Task description
Take every line from the entries below that includes the word "Bright" and copy it.

Exercise data
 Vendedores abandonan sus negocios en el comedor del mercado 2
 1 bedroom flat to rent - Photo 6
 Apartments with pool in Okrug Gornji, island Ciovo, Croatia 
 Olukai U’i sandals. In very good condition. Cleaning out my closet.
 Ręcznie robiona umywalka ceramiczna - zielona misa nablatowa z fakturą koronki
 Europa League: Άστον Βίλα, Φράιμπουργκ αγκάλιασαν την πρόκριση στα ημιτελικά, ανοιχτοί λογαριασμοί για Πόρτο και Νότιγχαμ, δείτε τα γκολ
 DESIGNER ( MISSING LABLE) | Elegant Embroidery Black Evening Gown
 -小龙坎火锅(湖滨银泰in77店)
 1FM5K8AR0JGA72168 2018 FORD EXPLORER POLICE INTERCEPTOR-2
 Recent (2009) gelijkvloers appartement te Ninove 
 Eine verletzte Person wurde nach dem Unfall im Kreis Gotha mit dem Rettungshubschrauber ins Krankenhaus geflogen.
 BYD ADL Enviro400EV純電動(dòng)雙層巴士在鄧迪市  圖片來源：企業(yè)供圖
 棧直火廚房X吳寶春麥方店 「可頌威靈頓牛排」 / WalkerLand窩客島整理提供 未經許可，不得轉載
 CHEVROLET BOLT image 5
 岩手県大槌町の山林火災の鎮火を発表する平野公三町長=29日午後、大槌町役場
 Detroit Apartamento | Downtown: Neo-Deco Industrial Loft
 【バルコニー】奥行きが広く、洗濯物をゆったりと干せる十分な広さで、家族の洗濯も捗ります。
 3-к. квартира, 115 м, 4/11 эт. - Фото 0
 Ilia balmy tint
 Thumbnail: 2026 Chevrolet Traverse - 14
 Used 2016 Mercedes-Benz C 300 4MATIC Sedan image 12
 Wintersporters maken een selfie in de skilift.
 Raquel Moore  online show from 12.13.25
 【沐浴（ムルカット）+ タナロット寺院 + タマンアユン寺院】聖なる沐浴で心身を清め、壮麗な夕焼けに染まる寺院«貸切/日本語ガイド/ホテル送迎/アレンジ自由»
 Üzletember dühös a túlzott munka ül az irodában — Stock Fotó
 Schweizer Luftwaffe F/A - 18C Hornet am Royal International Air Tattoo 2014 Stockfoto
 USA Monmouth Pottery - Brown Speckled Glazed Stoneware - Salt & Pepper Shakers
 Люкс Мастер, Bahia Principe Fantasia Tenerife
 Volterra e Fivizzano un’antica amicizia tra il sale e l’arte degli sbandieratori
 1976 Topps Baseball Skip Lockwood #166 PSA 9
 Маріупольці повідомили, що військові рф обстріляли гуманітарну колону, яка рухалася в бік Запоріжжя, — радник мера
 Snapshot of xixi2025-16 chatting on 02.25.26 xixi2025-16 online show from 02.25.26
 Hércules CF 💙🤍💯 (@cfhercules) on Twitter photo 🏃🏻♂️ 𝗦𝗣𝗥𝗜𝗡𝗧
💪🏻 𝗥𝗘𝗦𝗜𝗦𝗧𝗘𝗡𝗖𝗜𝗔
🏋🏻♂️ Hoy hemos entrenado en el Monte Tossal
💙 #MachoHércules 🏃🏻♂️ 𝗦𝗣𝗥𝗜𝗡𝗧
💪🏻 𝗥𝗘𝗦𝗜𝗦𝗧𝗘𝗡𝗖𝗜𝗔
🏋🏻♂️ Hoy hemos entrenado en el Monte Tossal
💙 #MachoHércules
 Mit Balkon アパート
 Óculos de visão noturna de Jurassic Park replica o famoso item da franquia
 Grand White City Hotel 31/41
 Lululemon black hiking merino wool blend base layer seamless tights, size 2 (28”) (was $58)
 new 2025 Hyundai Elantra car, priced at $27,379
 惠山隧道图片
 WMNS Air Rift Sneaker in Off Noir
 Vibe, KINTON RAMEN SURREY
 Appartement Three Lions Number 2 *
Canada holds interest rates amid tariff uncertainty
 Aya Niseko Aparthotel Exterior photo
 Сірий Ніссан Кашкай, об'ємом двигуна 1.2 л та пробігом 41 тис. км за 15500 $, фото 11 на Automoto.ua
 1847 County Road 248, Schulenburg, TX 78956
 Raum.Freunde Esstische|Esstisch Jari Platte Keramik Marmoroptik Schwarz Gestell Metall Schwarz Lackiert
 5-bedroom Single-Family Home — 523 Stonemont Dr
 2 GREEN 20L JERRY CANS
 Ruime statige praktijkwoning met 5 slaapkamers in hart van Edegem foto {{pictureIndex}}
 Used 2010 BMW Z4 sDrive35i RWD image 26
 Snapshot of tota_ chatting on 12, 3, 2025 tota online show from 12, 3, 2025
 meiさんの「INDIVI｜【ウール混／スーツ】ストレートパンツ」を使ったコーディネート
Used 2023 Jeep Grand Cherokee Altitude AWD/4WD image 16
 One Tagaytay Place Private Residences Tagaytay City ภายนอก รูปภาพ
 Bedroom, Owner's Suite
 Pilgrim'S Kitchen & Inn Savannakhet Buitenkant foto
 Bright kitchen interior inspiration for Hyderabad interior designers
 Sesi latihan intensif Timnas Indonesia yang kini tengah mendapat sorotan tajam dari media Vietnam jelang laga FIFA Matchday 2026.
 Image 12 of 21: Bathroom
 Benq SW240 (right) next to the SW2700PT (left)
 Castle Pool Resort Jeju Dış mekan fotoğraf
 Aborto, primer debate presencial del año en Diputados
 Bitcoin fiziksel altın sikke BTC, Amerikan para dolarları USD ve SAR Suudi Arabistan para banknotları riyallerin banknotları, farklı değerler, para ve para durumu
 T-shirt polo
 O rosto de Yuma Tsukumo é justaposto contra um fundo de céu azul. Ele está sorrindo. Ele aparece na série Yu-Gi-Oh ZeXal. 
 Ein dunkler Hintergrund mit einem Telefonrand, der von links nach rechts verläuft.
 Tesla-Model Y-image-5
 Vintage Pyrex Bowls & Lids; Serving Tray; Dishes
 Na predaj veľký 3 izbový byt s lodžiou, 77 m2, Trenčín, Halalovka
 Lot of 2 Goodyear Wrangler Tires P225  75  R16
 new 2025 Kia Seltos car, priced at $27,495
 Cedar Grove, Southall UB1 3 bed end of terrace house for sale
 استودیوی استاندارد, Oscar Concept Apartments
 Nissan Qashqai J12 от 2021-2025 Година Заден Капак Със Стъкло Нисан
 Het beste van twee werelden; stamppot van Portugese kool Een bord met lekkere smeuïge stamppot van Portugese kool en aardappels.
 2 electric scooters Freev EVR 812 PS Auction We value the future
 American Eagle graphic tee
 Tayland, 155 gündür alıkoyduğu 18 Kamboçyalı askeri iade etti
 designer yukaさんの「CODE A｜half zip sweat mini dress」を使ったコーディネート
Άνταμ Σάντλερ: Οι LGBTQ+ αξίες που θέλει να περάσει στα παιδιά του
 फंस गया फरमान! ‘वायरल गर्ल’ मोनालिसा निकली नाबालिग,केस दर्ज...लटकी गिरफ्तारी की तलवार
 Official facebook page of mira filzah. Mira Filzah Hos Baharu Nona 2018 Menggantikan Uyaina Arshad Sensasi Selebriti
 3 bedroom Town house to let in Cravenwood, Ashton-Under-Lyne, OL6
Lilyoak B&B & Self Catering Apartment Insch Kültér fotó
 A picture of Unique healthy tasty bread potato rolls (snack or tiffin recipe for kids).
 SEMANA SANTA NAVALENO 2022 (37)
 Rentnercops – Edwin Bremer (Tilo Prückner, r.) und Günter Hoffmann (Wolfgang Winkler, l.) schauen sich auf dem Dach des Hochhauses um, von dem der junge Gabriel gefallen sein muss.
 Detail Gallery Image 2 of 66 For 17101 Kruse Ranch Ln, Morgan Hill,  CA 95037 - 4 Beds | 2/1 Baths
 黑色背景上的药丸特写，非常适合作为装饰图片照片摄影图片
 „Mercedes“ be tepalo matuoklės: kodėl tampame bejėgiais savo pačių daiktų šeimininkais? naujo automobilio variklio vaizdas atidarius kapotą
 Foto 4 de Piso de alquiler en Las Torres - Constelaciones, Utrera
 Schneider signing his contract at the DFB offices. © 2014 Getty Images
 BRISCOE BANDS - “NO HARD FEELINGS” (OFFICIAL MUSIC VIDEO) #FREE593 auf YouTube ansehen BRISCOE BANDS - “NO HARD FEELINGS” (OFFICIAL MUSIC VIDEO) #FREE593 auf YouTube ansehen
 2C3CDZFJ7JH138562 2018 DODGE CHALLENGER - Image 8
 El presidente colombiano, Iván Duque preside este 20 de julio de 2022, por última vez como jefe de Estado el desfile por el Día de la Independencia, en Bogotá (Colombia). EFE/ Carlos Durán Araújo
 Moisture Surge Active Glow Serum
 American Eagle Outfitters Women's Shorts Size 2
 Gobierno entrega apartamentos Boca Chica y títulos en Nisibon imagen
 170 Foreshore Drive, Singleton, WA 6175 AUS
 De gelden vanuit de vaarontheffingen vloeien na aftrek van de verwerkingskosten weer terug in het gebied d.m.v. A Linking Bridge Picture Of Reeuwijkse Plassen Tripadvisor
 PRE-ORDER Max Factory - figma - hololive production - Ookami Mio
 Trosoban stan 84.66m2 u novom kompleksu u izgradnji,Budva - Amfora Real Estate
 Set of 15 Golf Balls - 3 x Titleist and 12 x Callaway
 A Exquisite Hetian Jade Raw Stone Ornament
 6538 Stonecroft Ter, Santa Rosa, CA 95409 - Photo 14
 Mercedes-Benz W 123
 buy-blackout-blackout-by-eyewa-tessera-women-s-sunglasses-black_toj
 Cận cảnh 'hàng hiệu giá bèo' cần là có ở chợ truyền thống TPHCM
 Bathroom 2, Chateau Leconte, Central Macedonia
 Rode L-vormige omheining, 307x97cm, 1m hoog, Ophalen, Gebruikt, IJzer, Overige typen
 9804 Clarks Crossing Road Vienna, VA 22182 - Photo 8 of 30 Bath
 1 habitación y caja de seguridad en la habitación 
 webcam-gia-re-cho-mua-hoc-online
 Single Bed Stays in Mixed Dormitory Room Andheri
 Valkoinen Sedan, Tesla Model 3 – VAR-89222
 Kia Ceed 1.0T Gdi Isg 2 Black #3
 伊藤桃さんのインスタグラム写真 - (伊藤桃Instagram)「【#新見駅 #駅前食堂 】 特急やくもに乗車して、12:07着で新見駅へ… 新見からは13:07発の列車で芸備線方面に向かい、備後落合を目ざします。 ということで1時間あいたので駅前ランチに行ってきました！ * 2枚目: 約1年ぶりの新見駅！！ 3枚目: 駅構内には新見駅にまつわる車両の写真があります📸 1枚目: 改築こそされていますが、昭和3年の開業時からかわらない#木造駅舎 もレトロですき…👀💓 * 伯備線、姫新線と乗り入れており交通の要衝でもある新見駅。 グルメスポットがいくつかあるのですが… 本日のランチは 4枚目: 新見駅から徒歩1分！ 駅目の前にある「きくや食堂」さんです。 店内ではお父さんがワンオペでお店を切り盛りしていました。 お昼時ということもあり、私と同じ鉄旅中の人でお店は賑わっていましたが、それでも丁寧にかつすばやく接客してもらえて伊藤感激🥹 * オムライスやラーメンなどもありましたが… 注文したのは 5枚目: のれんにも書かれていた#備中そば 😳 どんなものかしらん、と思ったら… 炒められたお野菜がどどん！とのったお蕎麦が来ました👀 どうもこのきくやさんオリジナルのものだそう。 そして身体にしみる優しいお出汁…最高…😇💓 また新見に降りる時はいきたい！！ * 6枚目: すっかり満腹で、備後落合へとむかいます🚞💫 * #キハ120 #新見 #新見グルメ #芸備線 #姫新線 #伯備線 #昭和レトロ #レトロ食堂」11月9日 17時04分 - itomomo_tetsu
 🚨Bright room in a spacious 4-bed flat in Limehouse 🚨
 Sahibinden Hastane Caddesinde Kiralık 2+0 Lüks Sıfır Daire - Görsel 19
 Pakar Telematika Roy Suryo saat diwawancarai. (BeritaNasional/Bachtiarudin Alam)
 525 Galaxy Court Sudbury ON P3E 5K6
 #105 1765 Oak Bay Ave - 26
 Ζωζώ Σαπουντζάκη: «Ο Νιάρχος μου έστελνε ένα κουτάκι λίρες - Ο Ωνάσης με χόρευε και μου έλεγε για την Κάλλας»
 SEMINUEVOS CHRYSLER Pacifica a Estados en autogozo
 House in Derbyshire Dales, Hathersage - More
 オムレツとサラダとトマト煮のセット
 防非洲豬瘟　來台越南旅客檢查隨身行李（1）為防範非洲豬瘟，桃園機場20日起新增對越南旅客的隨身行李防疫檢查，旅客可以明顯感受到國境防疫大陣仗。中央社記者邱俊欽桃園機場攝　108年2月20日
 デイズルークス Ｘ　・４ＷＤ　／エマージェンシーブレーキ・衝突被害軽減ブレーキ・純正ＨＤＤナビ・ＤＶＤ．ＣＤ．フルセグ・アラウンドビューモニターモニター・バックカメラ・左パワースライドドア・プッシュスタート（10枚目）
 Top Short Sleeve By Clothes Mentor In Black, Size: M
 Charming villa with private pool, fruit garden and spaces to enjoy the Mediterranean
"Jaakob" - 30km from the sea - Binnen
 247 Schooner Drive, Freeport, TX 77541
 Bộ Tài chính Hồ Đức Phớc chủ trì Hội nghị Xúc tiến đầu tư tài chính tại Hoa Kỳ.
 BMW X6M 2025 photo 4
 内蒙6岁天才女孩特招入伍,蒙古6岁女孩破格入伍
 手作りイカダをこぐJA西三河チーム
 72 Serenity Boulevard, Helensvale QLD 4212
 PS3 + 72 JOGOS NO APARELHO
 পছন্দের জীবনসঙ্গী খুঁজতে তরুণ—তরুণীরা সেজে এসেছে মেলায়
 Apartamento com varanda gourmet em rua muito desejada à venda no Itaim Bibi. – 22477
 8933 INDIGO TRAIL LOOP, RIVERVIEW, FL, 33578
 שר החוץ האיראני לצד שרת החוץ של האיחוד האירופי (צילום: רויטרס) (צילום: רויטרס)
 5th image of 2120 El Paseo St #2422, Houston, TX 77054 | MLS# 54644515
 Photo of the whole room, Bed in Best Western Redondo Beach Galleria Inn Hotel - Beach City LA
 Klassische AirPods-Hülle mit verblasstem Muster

Exercise solution
 Bright kitchen interior inspiration for Hyderabad interior designers
 🚨Bright room in a spacious 4-bed flat in Limehouse 🚨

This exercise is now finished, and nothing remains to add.